- [WHAT THE EXERCISE ASKS] Retype nothing except the lines below from the one with "Ensuite vanity with double sinks and ample counter space Ensuite" through the one with "Male professional portrait", exactly, with images left out.
======== DATA FOR ANALYSIS
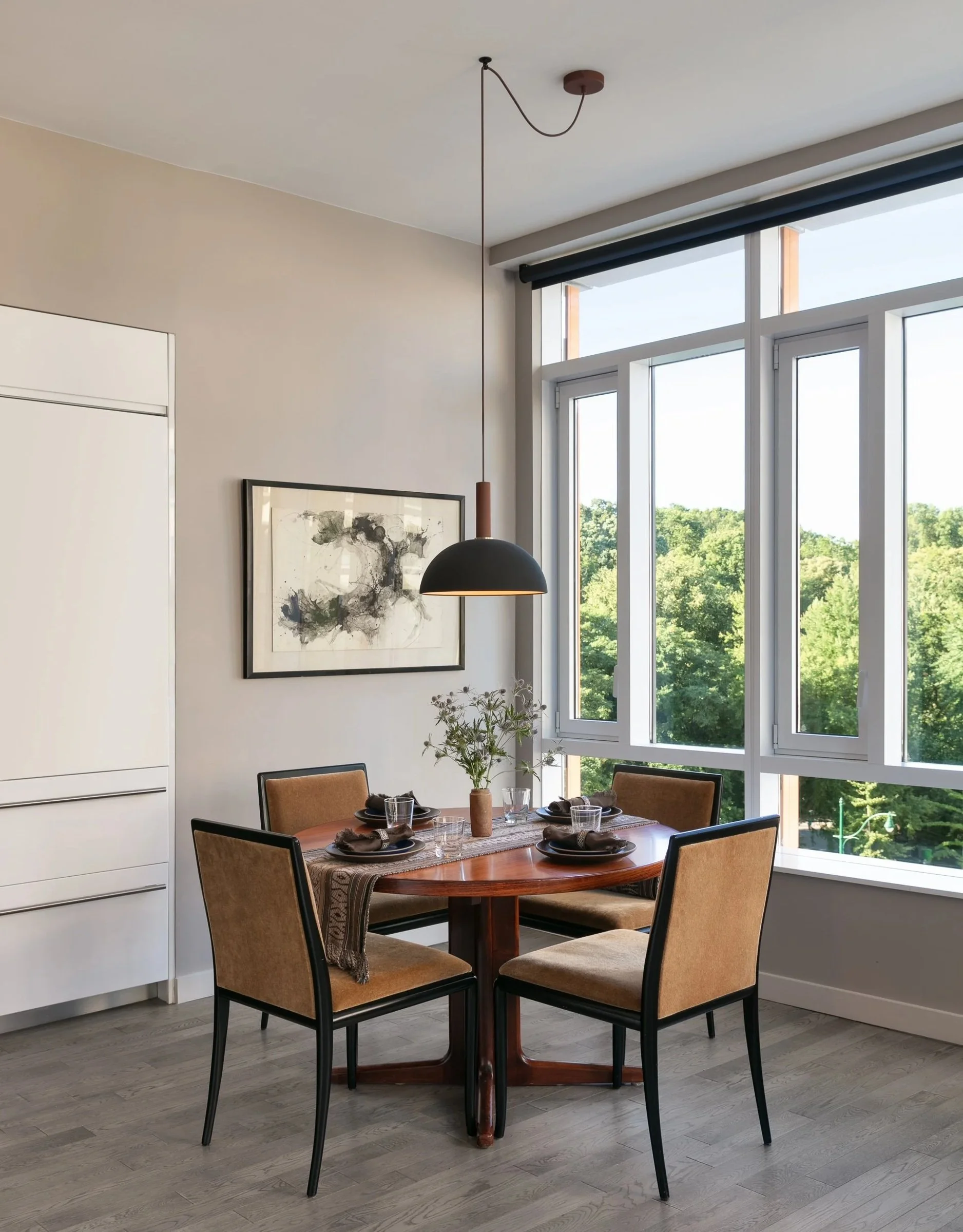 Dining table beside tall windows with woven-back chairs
================
======== DATA FOR ANALYSIS
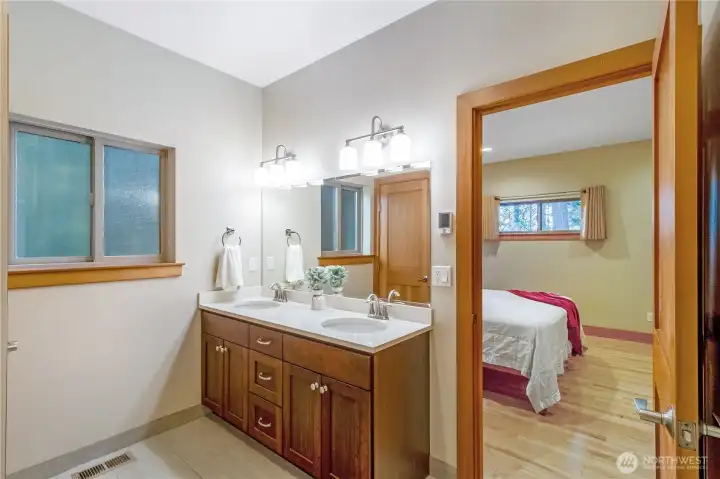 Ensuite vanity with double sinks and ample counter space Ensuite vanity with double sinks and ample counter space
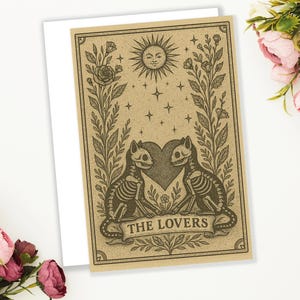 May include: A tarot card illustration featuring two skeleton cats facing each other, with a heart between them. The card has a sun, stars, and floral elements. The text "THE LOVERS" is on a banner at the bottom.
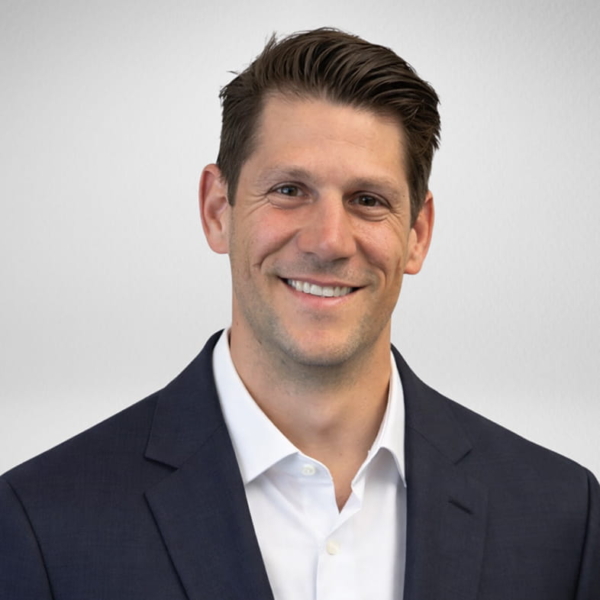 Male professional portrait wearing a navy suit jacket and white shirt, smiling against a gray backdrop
================
- [RESULT OF THE EXERCISE]
 Ensuite vanity with double sinks and ample counter space Ensuite vanity with double sinks and ample counter space
 May include: A tarot card illustration featuring two skeleton cats facing each other, with a heart between them. The card has a sun, stars, and floral elements. The text "THE LOVERS" is on a banner at the bottom.
 Male professional portrait wearing a navy suit jacket and white shirt, smiling against a gray backdrop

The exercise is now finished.